# General Wire camera



## karlht (Oct 16, 2008)

Hey guys, I'm looking at buying a camera for my company, but I really don't want to drop the money on a Ridgid. Do you guys have any opinion on general for a camera? Thanks!


----------



## gear junkie (Jun 20, 2008)

You got the money for another camera or a repair? Save a little more and buy the ridgid.


----------



## AlbacoreShuffle (Aug 28, 2011)

Buy this one !
$1000 plus shipping and you have a $4500 camera and reel. 

http://www.plumbingzone.com/f24/ratech-camera-18029/


----------



## Cuda (Mar 16, 2009)

got any idea how much to Seattle? Do you do paypal?


----------



## deerslayer (Mar 29, 2012)

We have 2 general cameras at the shop! They are older units and may not compare to the new ones. They are rediculously heavy and not user friendly IMHO. I will take my ridgid anyday!!


----------



## karlht (Oct 16, 2008)

Thanks for advice. I think I'll just try to find a deal on Craigslist or eBay on a used Ridgid for the time being. Thanks again.


----------



## AlbacoreShuffle (Aug 28, 2011)

Cuda said:


> got any idea how much to Seattle? Do you do paypal?
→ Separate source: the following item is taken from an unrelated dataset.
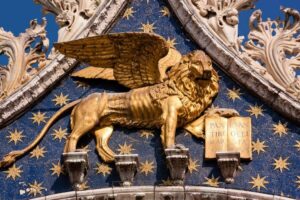 St Mark's Basilica and Doge's Palace Priority Entry Ticket - St Mark’s Basilica: Golden Mosaics, Byzantine Forms, and the Rules That Matter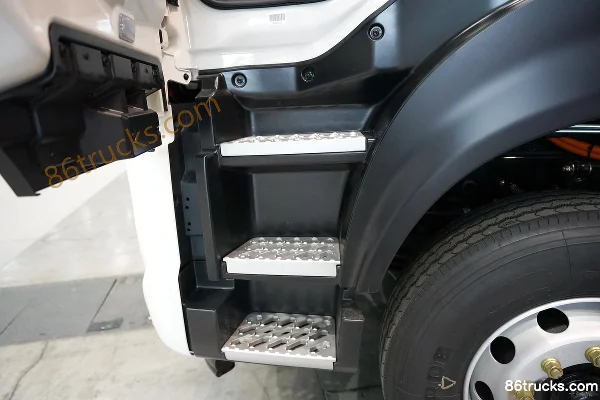 Dongfeng Tianjin KR PLUS 8X4(12 wheels) Pure Electric Box Cargo Truck CATL 400kWh Cab (3) | 86Trucks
Not sure on the shipping cost. I have a ups store around the corner from me, Ill get an estimate this weekend. 
I have an old paypal account , I haven't used for years.
Also changed banks so it would have to be updated.


----------



## Cuda (Mar 16, 2009)

no need to go to the trouble, I don't think I can adapt that to a ridgid monitor (10 pin vs. 4) But thanks


----------